◆ TASK INPUT
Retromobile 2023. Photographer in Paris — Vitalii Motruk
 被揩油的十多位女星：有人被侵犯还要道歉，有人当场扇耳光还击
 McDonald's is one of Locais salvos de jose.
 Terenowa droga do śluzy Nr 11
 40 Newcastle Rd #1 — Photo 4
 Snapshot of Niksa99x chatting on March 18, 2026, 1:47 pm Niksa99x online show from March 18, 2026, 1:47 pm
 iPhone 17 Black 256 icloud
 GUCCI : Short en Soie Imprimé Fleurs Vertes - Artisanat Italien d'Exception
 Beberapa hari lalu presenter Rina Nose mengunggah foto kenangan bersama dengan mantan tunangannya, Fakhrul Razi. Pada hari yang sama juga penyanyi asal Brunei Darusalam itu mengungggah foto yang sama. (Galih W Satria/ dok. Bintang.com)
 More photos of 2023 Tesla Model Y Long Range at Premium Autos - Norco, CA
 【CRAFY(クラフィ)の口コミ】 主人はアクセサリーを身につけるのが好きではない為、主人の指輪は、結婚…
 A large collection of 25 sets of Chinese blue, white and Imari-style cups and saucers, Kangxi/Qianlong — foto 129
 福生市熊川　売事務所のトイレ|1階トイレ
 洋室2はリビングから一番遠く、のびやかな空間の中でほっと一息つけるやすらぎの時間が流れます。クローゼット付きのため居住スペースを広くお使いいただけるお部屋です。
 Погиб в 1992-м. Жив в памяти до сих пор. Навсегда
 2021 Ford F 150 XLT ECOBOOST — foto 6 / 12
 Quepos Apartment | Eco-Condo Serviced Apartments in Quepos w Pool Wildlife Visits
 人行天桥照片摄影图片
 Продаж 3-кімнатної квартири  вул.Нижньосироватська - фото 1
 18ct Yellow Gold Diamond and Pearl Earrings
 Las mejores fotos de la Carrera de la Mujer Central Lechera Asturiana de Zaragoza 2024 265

◆ WHAT IS EXPECTED
Transcribe all records exactly as written.

◆ EXERCISE OUTPUT
Retromobile 2023. Photographer in Paris — Vitalii Motruk
 被揩油的十多位女星：有人被侵犯还要道歉，有人当场扇耳光还击
 McDonald's is one of Locais salvos de jose.
 Terenowa droga do śluzy Nr 11
 40 Newcastle Rd #1 — Photo 4
 Snapshot of Niksa99x chatting on March 18, 2026, 1:47 pm Niksa99x online show from March 18, 2026, 1:47 pm
 iPhone 17 Black 256 icloud
 GUCCI : Short en Soie Imprimé Fleurs Vertes - Artisanat Italien d'Exception
 Beberapa hari lalu presenter Rina Nose mengunggah foto kenangan bersama dengan mantan tunangannya, Fakhrul Razi. Pada hari yang sama juga penyanyi asal Brunei Darusalam itu mengungggah foto yang sama. (Galih W Satria/ dok. Bintang.com)
 More photos of 2023 Tesla Model Y Long Range at Premium Autos - Norco, CA
 【CRAFY(クラフィ)の口コミ】 主人はアクセサリーを身につけるのが好きではない為、主人の指輪は、結婚…
 A large collection of 25 sets of Chinese blue, white and Imari-style cups and saucers, Kangxi/Qianlong — foto 129
 福生市熊川　売事務所のトイレ|1階トイレ
 洋室2はリビングから一番遠く、のびやかな空間の中でほっと一息つけるやすらぎの時間が流れます。クローゼット付きのため居住スペースを広くお使いいただけるお部屋です。
 Погиб в 1992-м. Жив в памяти до сих пор. Навсегда
 2021 Ford F 150 XLT ECOBOOST — foto 6 / 12
 Quepos Apartment | Eco-Condo Serviced Apartments in Quepos w Pool Wildlife Visits
 人行天桥照片摄影图片
 Продаж 3-кімнатної квартири  вул.Нижньосироватська - фото 1
 18ct Yellow Gold Diamond and Pearl Earrings
 Las mejores fotos de la Carrera de la Mujer Central Lechera Asturiana de Zaragoza 2024 265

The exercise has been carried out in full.